Como bien lo expresa el apóstol Pablo a los hermanos de la iglesia de Éfeso, al aceptar la obra redentora de Cristo Jesús en la cruz del calvario, recibimos como fruto, como resultado, la reconciliación con Dios.

El término reconciliación significa volver a unir algo que se ha sido roto.
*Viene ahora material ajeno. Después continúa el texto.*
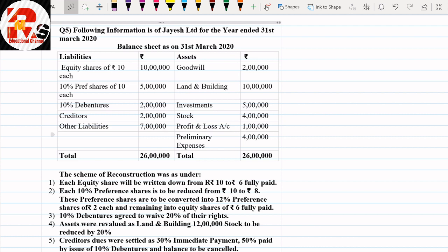Today we are going to solve the balance sheet related to internal reconstruction. Since this chapter is for 20 marks in the paper, the balance sheet can also be asked. We have already learned how to pass journal entries and prepare the capital reduction account. In this session, we will see how to prepare the complete balance sheet, including journal entries and notes to accounts.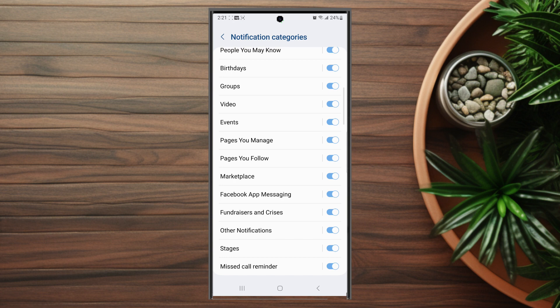So there you have it everyone, just a quick video on how to fix notifications on your Samsung S23 Ultra. If you like this kind of content or find it helpful, leave a message down below. Don't forget to subscribe and thanks for watching.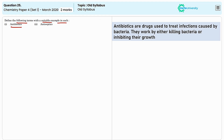Antibiotics are typically taken orally, intravenously, or intramuscularly. Examples include penicillin and amoxicillin.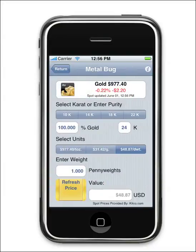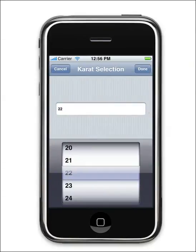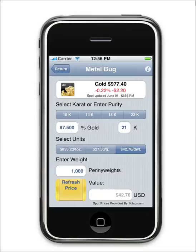Choose from simple selectors for the most common purities. Select from carats or percentages, or key in a value for any unique purity.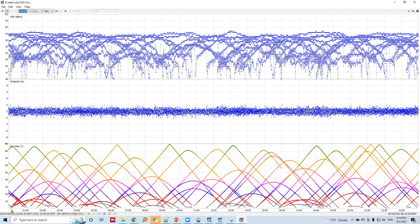The horizontal axis represents the observation time from zero to 24 hours. The bottom panel shows elevation angle versus observation time. The elevation angle begins from zero degrees at the horizon, then rises up to 90 degrees which is the zenith. All satellites are shown in this plot.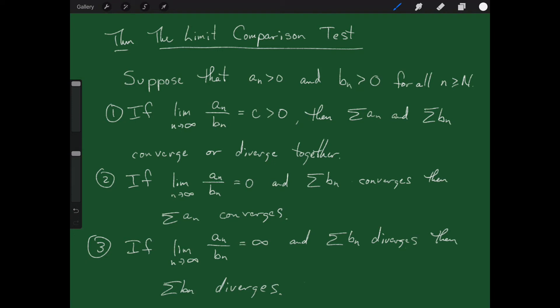The theorem says: suppose all the a sub n's are greater than zero and all the b sub n's are greater than zero. Then if we take the limit as n goes to infinity of a sub n over b sub n and get a value c that is positive, then the sum of the a sub n's and the sum of the b sub n's do the same thing — they converge or diverge together. Typically, you put the series you know about on the bottom and the one you don't know about on the top. If the limit is a positive number, the top one does the same thing as the bottom one.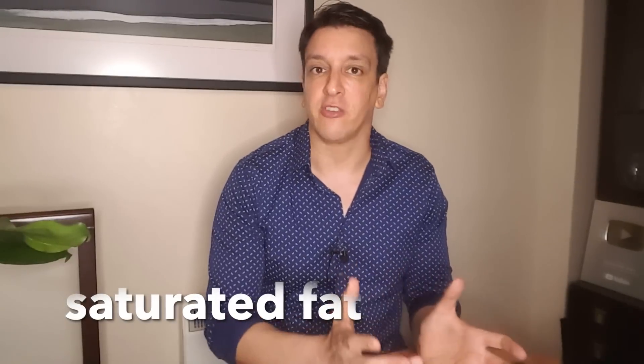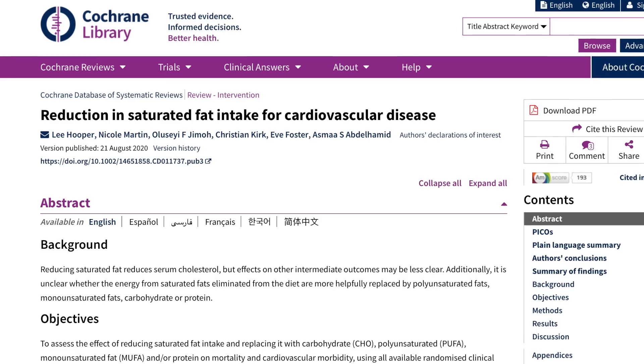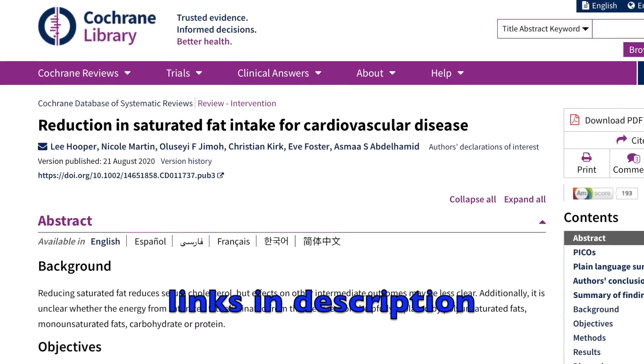The topic of saturated fat came up in the context of scientific communication. There's been a lot of research and a lot of misinformation online about saturated fat. When a meta-analysis was done by Cochrane, it showed that reducing saturated fat intake can reduce heart disease by about 17%, and that's strong evidence to reduce saturated fat intake.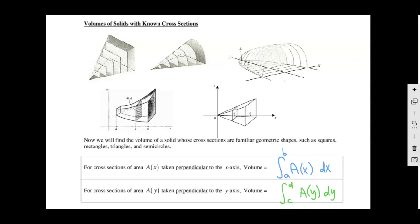What we're going to do today is take regions in the XY plane and treat them like the floor — like the foundation of a building — and build straight up out of that region. We'll build it in such a way that each cross-sectional slice, like if I took a knife and cut that 3D figure, is going to fit a specific shape. The general idea: to find the volume, we integrate the area of each one of those little slices.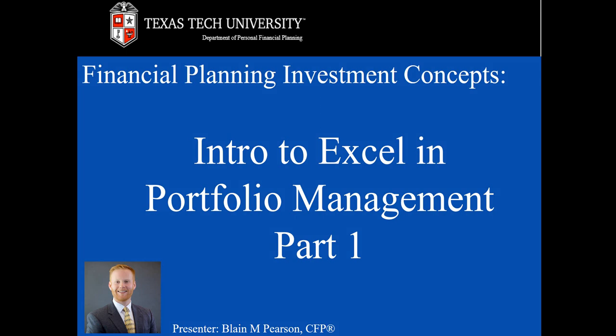Hello everyone, my name is Blaine Pearson and I am an instructor in Texas Tech's Personal Financial Planning Program. In this video, we're going to take a look at some basic introductory Excel skills that you can utilize in portfolio management.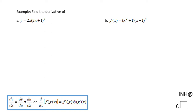Welcome, or welcome back. In this example we need to find the derivative of two functions, and I'm going to use what is called the chain rule and also the product rule. The product rule is needed because both functions are products of two other functions.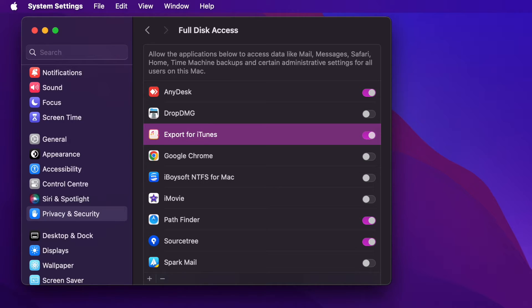Remember, granting Full Disk Access means the app can change or delete important files. Be careful about which apps you give this permission to.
Así como el pecado me separó de Dios, la obra sacrificial del Señor Jesús en el madero me une nuevamente a él, trayendo esa esperanza que se había perdido.

Y esa reconciliación se ve expresada en los términos prácticos que el apóstol expresa: ya no somos extraños, extranjeros; sino parte de una familia, con una identidad específica y una contención sobrenatural de parte de nuestro Padre celestial.

Lamentablemente, cuando levantamos nuestra mirada alrededor, nos damos cuenta rápidamente que muchos caminan a lo largo de esta vida tratando de buscar su propósito, sufriendo en sus propias vidas la lejanía de Dios.

Esa vida apartada de Dios y de sus propósitos eternos, lleva a que el hombre cargue con consecuencias graves y profundas por causa de su rebeldía, apatía y separación de su creador.

Al aceptar mi condición de pecador, la obra de Jesús alcanza mi vida y me da esa identidad en la que soy parte de la familia de Dios y coheredero con Cristo Jesús en su reinado eterno.

Fue la sangre que se derramó en la cruz del calvario la que quitó y limpió todos y cada uno de mis pecados que cometí delante de Dios.

Y es esa obra salvífica de Jesús, la que se transforma en el único camino, en la única alternativa en la cual el hombre puede Intimar con Dios en esa relación personal y familiar.

El alcance de la obra de Jesús además de darme esa identidad, me quita el velo que me cegaba y me muestra realmente quién soy, de dónde vengo, para que estoy, cuál es el propósito de mi existencia, y a dónde voy.

En un mundo en donde somos catalogados por el apellido, o por los bienes que tenemos, o por lo que podemos producir; ser parte de la familia de Dios nos posiciona en una esfera sobrenatural que traspasa los códigos en que el mismo se mueve.

¿Cuánto sentido tiene tu vida? ¿Has podido encontrar el propósito de tu existencia? ¿Conoces con seguridad cuál es el destino de tu alma después de esta vida? ¿Estás preparado para el reencuentro con tu creador el día del juicio final?

Si todavía no puedes responder estas preguntas con seguridad y en paz, es porque quizás muchos de estos temas no están resueltos en tu vida.

Qué mejor que en este tiempo especial de la navidad, puedas abrirle tu corazón para que Cristo Jesús nazca en ti y traiga ese perdón, esa esperanza eterna y ese sentido de pertenencia a la familia celestial.

Basta solo con reconocer tu condición delante de Dios, diciéndole:

Sí Señor, hoy quiero dejar que entres a mi vida y que comiences a ordenar todo el desorden que he hecho al hacer las cosas a mi manera.

Gracias porque tú me amaste de tal manera que viniste a este mundo a morir por mí y para que en esa entrega yo pueda recibir esa vida eterna que tu me ofreces.

Gracias porque tú cambiaste el destino de mi eternidad y me ofreces una vida abundante y victoriosa. ¡Amén!.

Si ésta ha sido tu oración, podés estar con plena certeza de que Dios ha puesto su sello en tí y desde este momento, tu nombre está inscripto en el libro de la vida.

Que en esta navidad, como hijos de Dios redimidos por la obra redentora en la persona de Jesucristo, busquemos caminos para compartir de este amor a aquellos que todavía caminan solos y sin esperanza.

En el amor de Cristo Jesús, nuestro amado Salvador y Señor personal.